To do: From the line that holds "3251 Park South" down to the last line of the listing below, transcribe exactly and only those lines. Leave pictures out.

Data provided:
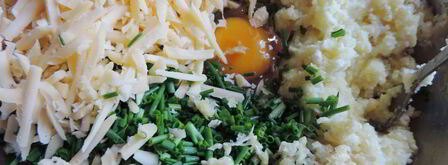 картофельно-творожные лепешки с зеленью. Шаг 2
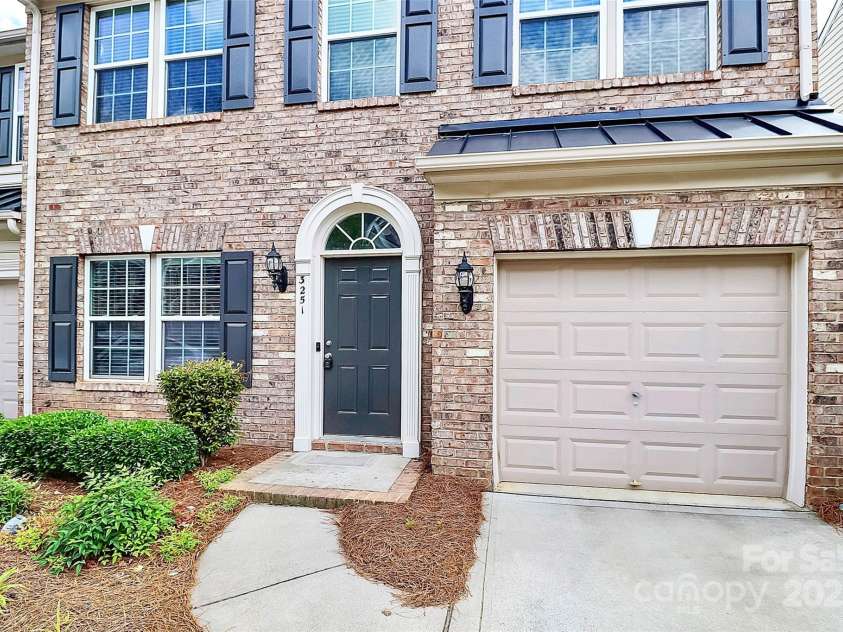 3251 Park South Station Boulevard, Charlotte, NC 28210.  MLS# CAR4255933, YatesRealty ID 24500. 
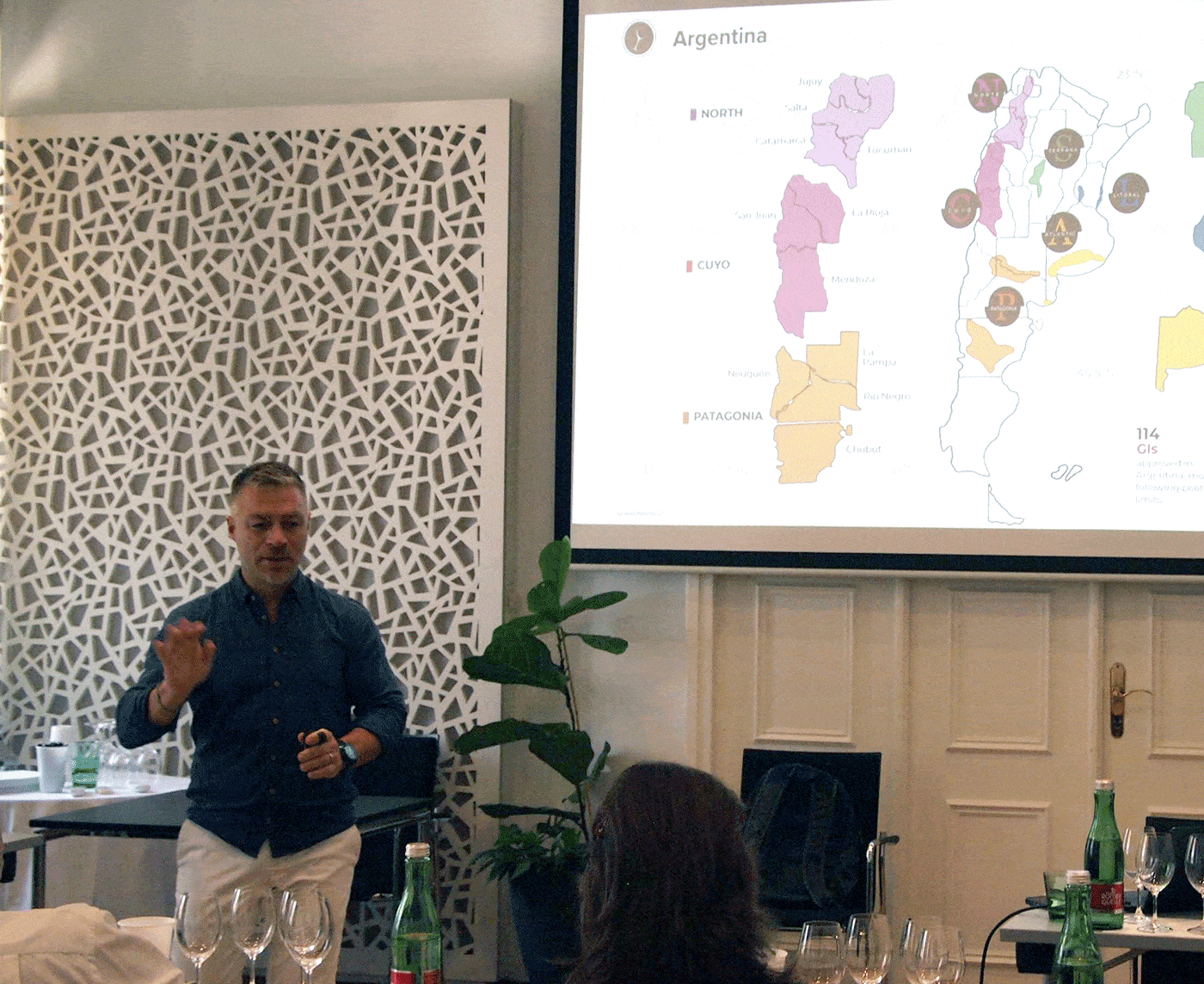 Luciano Wehrli presentando un flight de vinos blancos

Result of the task:
 3251 Park South Station Boulevard, Charlotte, NC 28210.  MLS# CAR4255933, YatesRealty ID 24500. 
 Luciano Wehrli presentando un flight de vinos blancos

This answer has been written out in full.